— Data block —
╔══

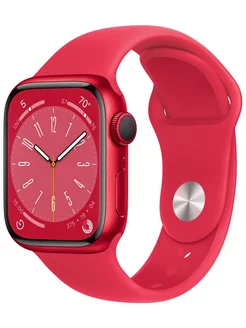 Apple Watch Series 8 45mm, sport band, красные Apple 230727830 купить за 32 350 ₽ в интернет-магазине Wildberries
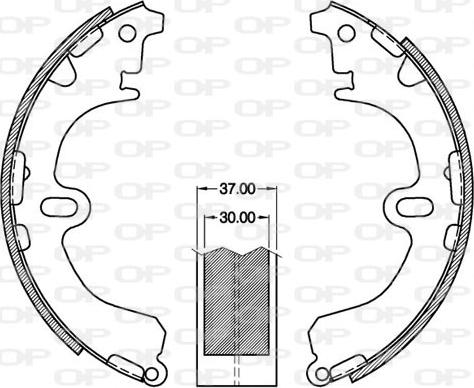 Open Parts BSA2142.00 - Комплект тормозных колодок, барабанные autospares.lv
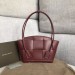 Bottega Veneta Arco 33 Intrecciato Bag In Bordeaux Calfskin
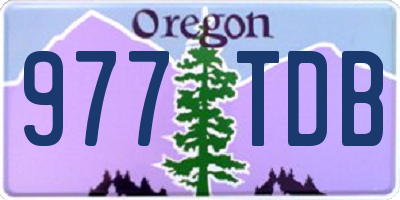 OR license plate 977TDB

╚══

— What needs to be done —
From the first line to the last, output the data exactly, without the pictures.

— The completed task —
 Apple Watch Series 8 45mm, sport band, красные Apple 230727830 купить за 32 350 ₽ в интернет-магазине Wildberries
 Open Parts BSA2142.00 - Комплект тормозных колодок, барабанные autospares.lv
 Bottega Veneta Arco 33 Intrecciato Bag In Bordeaux Calfskin
 OR license plate 977TDB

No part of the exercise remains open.